Model Overview

Meta's Llama 3 8B is an 8 billion parameter instruction-tuned large language model, part of the Llama 3 family, developed by Meta. It utilizes an optimized transformer architecture and has been fine-tuned using supervised fine-tuning (SFT) and reinforcement learning with human feedback (RLHF) to align with human preferences for helpfulness and safety.
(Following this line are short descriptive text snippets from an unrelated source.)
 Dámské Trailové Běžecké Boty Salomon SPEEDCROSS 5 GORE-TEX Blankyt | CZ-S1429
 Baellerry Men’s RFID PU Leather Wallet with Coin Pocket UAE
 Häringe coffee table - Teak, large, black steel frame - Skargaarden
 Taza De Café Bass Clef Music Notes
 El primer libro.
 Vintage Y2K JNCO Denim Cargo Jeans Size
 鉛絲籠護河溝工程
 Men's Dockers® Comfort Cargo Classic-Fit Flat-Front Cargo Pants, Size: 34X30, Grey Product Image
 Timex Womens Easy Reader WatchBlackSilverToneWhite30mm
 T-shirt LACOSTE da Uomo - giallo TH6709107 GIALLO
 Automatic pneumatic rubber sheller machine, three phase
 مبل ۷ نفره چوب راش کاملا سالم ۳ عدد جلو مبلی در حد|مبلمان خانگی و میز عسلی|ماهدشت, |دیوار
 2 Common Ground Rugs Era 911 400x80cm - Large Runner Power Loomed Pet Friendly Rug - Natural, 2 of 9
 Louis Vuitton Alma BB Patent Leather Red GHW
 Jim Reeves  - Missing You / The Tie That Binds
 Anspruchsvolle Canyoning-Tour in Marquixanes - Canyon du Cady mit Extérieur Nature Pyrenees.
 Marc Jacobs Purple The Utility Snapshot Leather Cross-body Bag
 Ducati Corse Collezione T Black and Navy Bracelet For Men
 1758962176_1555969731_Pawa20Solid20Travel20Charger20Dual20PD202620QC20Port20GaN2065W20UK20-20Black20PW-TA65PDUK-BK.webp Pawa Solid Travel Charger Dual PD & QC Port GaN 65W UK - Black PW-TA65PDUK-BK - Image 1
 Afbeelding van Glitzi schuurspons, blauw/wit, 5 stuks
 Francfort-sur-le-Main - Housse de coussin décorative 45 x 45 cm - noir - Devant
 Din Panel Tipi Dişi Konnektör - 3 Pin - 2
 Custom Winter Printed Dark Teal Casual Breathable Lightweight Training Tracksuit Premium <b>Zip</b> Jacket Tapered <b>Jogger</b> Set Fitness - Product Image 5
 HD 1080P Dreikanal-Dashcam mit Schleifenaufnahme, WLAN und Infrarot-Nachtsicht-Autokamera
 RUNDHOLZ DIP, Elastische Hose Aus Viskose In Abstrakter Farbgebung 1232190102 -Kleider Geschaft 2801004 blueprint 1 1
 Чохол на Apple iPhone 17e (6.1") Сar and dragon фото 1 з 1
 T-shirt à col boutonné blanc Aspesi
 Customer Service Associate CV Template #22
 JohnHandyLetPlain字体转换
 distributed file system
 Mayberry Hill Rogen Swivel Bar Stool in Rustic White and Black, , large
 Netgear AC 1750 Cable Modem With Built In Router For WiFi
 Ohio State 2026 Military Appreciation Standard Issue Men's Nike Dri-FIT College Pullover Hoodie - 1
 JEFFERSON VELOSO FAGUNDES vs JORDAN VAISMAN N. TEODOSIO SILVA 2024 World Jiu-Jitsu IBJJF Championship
The model was pretrained on over 15 trillion tokens of publicly available online data, with a knowledge cutoff of March 2023, and features an 8k token context length.

Key Capabilities

Dialogue Optimization: Specifically instruction-tuned for assistant-like chat and dialogue use cases.
Performance: Outperforms many other open-source chat models on common industry benchmarks, demonstrating significant improvements over Llama 2 models across various categories like MMLU, HumanEval, and GSM-8K.
Safety & Responsibility: Developed with a strong focus on optimizing helpfulness and safety, incorporating extensive red teaming, adversarial evaluations, and safety mitigation techniques. It also features reduced false refusal rates compared to Llama 2.
Code Generation: Achieves a HumanEval score of 62.2, indicating strong code generation capabilities.

Good For

Commercial and Research Applications: Intended for a wide range of commercial and research uses in English.
Assistant-like Chatbots: Ideal for building conversational AI agents and dialogue systems.
Natural Language Generation: Adaptable for various natural language generation tasks, especially in its pretrained variant.
Developers Seeking Enhanced Safety: Incorporates robust safety features and is designed to be used with additional safeguards like Meta Llama Guard 2 and Code Shield for responsible deployment.